NOTE: Work remains to make the rest of
Parthenon thread-safe, so it is currently required to use a ThreadPool
with one thread.
TaskQualifier
TaskQualifier
s provide a mechanism for downstream codes to alter the default
behavior of specific tasks in certain ways. The qualifiers are described below:
- TaskQualifier::local_sync
: Tasks marked with local_sync
synchronize across
lists in a region on a given MPI rank. Tasks that depend on a local_sync
marked task gain dependencies from the corresponding task on all lists within
a region. A typical use for this qualifier is to do a rank-local reduction, for
example before initiating a global MPI reduction (which should be done only once
per rank, not once per TaskList
). Note that Parthenon links tasks across
lists in the order they are added to each list, i.e. the n``th ``local_sync
task
in a list is assumed to be associated with the n``th ``local_sync
task in all
lists in the region.
- TaskQualifier::global_sync
: Tasks marked with global_sync
implicitly have
the same semantics as local_sync
, but additionally do a global reduction on the
TaskStatus
to determine if/when execution can proceed on to dependent tasks.

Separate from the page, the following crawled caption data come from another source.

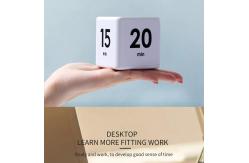 China Combination Count Down Clock Digital Cube Timer For Kitchen Usage supplier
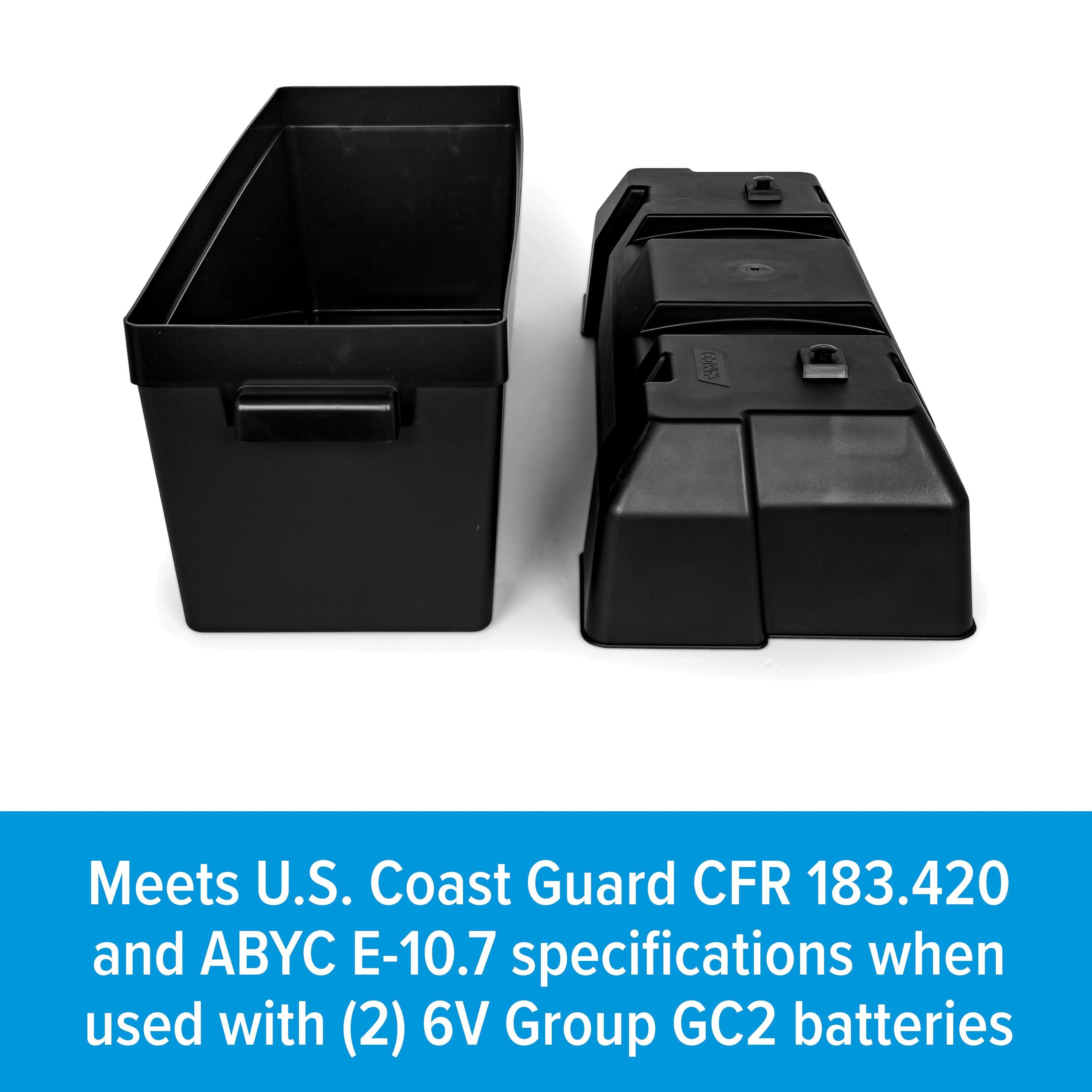 ハリトス2箱 Camco Battery Box 55374 | AutoZone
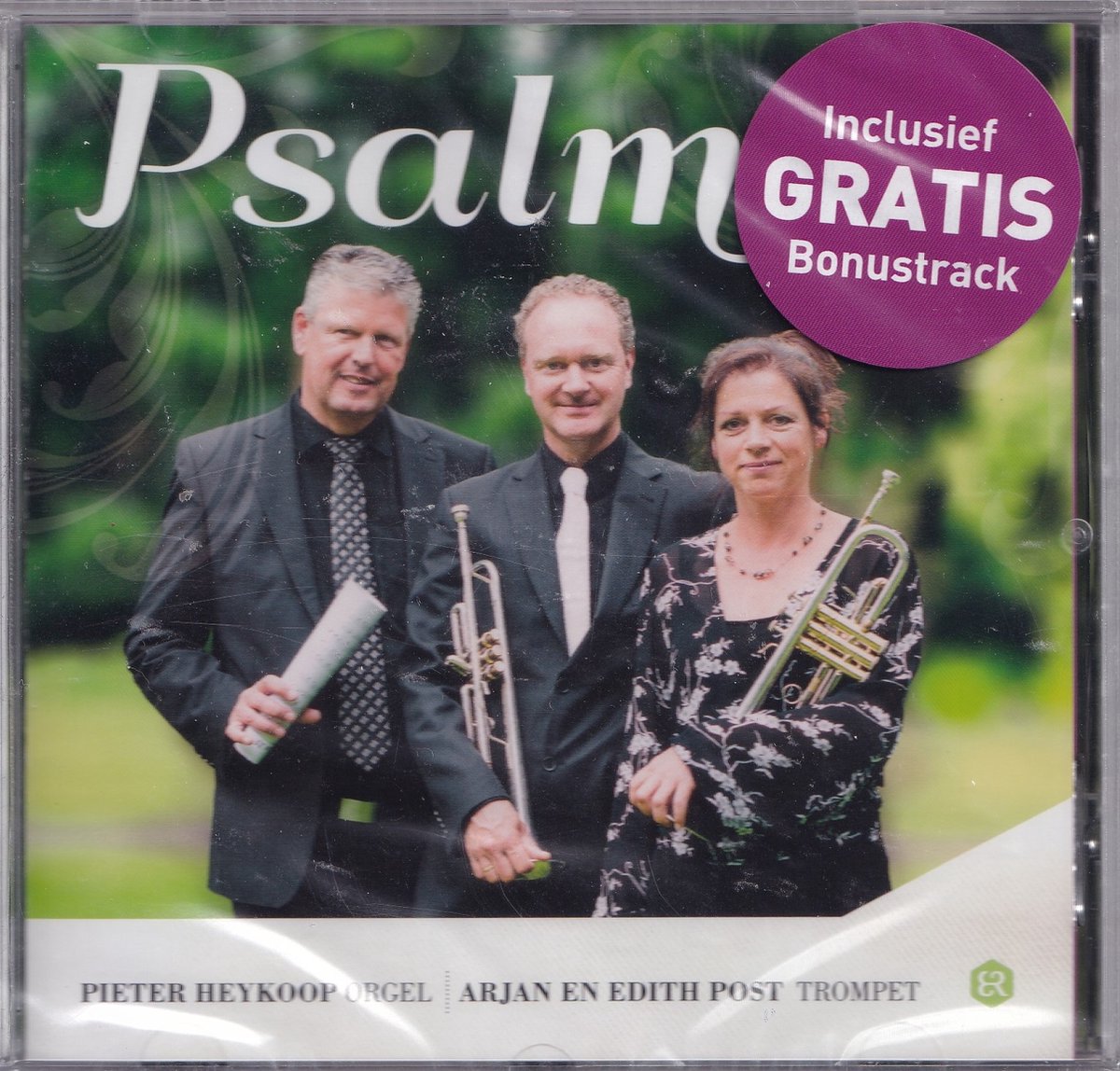 Psalmen - Pieter Heykoop, Arjan en Edith Post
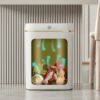 11L 13L Smart Trash Can for bathroom Trash Can Kitchen Garbage Bin For Waterproof Bedroom Living 3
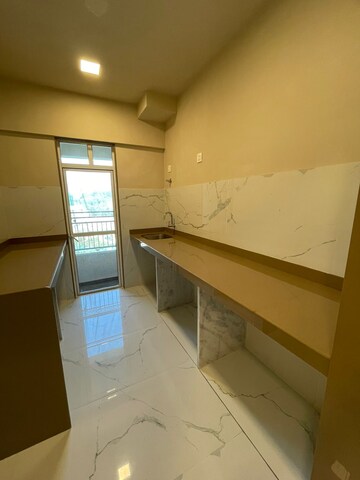 Kitchen in 2 BHK Apartment at JP North Barcelona, Mira Road – for Sale
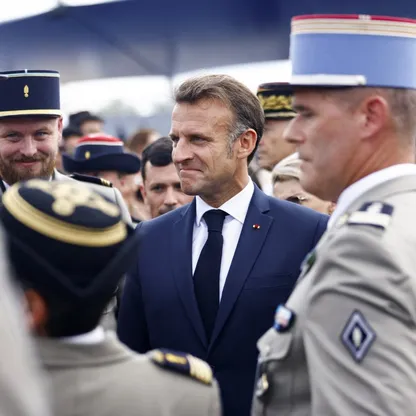 ماكرون: نريد سلاماً في أوكرانيا وليس استسلاماً لروسيا.. وخطة ترمب بحاجة لتحسين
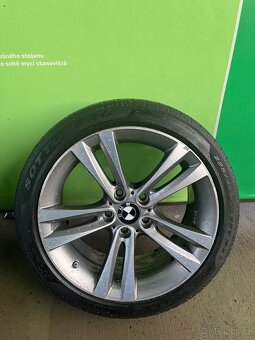 BMW ALU KOLA R18 – ORIGINÁL, 5x120 - 2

- TaskQualifier::completion
: Tasks marked with completion
can lead to exiting
execution of the owning TaskList
. If these tasks return TaskStatus::complete
and the minimum number of iterations of the list have been completed, the remainder
of the task list will be skipped (or the iteration stopped). Returning
TaskList::iterate
leads to continued execution/iteration, unless the maximum
number of iterations has been reached.
- TaskQualifier::once_per_region
: Tasks with the once_per_region
qualifier
will only execute once (per iteration, if relevant) regardless of the number of
TaskList``s in the region. This can be useful when, for example, doing MPI
reductions, printing out some rank-wide state, or calling a ``completion
task
that depends on some global condition where all lists would evaluate identical code.
TaskQualifier
s can be combined via the |
operator and all combinations are
supported. For example, you might mark a task global_sync | completion | once_per_region
if it were a task to determine whether an iteration should continue that depended
on some previously reduced quantity.